- Simon Rimmer has closed his Didsbury restaurant Greens with immediate effect after 33 years. Describing it as a 'heart breaking' moment, the TV chef said the decision had come after the landlord increased the rent by around 35% and that the rising cost of food, materials, heating, lighting and power and employing people had also played a part and had led to the business becoming ‘unviable’. Greens was one of several high-profile restaurant closures to hit the sector this week.

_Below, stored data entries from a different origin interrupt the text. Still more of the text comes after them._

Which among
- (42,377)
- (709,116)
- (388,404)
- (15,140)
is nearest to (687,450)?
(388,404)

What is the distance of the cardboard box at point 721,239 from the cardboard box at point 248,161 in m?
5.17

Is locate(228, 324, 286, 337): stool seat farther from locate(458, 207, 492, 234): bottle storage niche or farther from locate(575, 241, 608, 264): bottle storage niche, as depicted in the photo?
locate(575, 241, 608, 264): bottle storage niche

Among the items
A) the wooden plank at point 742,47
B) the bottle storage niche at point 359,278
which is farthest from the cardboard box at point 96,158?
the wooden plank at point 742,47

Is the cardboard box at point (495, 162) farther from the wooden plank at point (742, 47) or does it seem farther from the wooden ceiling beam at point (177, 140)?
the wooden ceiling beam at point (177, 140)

In Yorkshire, chef James Allcock announced the closure of his Beverly bistro The Pig and Whistle, citing the impact of energy bill rises, staffing challenges and looming Covid debt; and in London, Tony Rodd announced the immediate closure of his Copper & Ink restaurant in Blackheath, saying that ‘continued financial difficulties’ had made the business ‘untenable’. Meanwhile, in Wales, Cardiff-based restaurateurs Phill and Deb Lewis announced they would be closing their sustainability-focused outdoor restaurant Kindle, describing the decision as ‘a reflection of the current industry struggles’.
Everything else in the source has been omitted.